- **Exercise aim**
Look through the records below for the line with "Brown 3 x 9 Unscented Pillar Candles". Return that line and each one after it up to and including the line with "Pumpkin Spice Jesus", exactly.

===== Data shown

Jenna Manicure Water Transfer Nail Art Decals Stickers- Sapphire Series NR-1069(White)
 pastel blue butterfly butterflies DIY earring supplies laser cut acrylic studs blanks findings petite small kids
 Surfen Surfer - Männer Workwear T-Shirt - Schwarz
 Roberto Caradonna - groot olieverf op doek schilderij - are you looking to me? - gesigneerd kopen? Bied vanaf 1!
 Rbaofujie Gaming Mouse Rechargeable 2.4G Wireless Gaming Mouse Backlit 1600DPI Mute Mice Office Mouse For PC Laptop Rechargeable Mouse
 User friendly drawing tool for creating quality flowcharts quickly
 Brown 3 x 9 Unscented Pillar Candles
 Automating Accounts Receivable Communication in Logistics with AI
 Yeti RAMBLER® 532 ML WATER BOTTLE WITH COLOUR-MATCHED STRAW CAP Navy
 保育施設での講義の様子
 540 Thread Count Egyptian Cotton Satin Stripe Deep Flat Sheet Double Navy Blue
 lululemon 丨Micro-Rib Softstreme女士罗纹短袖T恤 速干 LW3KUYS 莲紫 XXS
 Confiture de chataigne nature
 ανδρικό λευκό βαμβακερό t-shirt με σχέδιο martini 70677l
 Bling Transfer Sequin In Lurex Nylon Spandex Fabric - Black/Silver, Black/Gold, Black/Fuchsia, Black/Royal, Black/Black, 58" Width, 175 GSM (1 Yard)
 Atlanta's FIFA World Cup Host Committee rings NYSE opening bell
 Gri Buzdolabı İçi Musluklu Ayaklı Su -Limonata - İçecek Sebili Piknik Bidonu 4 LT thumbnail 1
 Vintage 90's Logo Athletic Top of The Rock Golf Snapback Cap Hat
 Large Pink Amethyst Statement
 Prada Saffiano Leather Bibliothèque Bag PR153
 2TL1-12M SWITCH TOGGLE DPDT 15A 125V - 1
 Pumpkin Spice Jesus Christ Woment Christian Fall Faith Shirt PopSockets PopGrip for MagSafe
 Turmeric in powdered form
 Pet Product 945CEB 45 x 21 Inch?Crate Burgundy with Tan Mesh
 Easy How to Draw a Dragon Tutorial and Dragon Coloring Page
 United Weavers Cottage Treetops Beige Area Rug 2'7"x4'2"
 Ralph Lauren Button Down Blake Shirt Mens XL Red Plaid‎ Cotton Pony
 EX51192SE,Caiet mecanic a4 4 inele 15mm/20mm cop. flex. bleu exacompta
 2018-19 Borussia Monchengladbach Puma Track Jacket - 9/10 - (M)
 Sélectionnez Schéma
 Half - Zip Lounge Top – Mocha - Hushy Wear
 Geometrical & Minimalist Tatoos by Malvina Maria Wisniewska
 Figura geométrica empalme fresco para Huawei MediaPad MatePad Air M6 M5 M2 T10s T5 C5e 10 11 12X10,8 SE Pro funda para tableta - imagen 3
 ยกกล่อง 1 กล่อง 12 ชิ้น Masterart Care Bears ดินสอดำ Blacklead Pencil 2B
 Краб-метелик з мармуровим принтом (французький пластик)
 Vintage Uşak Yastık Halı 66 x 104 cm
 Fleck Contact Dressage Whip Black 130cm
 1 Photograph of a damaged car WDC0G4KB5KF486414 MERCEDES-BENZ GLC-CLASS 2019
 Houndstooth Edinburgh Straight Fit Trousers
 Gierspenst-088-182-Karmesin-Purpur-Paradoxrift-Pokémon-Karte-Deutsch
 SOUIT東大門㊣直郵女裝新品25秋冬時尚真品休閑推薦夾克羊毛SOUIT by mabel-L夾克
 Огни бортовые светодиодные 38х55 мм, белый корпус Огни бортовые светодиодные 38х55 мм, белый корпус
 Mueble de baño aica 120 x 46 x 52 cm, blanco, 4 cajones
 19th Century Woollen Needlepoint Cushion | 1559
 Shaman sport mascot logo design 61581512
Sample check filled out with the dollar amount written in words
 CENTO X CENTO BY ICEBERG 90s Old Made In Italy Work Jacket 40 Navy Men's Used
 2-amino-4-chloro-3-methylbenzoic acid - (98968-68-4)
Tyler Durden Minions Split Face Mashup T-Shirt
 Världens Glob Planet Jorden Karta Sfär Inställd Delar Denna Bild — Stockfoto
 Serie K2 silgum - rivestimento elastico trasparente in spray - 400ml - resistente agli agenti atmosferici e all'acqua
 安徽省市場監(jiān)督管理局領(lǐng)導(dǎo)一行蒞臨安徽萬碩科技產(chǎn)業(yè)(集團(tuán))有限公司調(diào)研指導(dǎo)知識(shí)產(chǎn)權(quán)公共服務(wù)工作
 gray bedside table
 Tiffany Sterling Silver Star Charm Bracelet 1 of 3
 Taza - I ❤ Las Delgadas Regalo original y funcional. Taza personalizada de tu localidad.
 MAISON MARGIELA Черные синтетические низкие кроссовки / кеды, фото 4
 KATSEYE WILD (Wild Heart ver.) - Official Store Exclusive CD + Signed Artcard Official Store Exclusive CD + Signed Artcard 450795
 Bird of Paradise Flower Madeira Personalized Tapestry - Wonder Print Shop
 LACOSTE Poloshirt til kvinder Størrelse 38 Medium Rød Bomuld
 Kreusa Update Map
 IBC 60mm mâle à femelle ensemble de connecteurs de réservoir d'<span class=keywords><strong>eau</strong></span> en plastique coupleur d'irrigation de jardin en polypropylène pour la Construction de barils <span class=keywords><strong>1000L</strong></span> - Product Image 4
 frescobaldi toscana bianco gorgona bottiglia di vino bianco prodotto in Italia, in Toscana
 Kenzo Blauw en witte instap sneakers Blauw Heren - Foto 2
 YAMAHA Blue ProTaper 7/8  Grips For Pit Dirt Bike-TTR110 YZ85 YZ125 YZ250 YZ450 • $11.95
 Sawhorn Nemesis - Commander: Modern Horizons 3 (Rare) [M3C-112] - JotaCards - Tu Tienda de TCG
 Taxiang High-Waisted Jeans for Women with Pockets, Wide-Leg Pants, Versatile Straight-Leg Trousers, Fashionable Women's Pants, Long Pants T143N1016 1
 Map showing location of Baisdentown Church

==========

- **Result of this exercise**
 Brown 3 x 9 Unscented Pillar Candles
 Automating Accounts Receivable Communication in Logistics with AI
 Yeti RAMBLER® 532 ML WATER BOTTLE WITH COLOUR-MATCHED STRAW CAP Navy
 保育施設での講義の様子
 540 Thread Count Egyptian Cotton Satin Stripe Deep Flat Sheet Double Navy Blue
 lululemon 丨Micro-Rib Softstreme女士罗纹短袖T恤 速干 LW3KUYS 莲紫 XXS
 Confiture de chataigne nature
 ανδρικό λευκό βαμβακερό t-shirt με σχέδιο martini 70677l
 Bling Transfer Sequin In Lurex Nylon Spandex Fabric - Black/Silver, Black/Gold, Black/Fuchsia, Black/Royal, Black/Black, 58" Width, 175 GSM (1 Yard)
 Atlanta's FIFA World Cup Host Committee rings NYSE opening bell
 Gri Buzdolabı İçi Musluklu Ayaklı Su -Limonata - İçecek Sebili Piknik Bidonu 4 LT thumbnail 1
 Vintage 90's Logo Athletic Top of The Rock Golf Snapback Cap Hat
 Large Pink Amethyst Statement
 Prada Saffiano Leather Bibliothèque Bag PR153
 2TL1-12M SWITCH TOGGLE DPDT 15A 125V - 1
 Pumpkin Spice Jesus Christ Woment Christian Fall Faith Shirt PopSockets PopGrip for MagSafe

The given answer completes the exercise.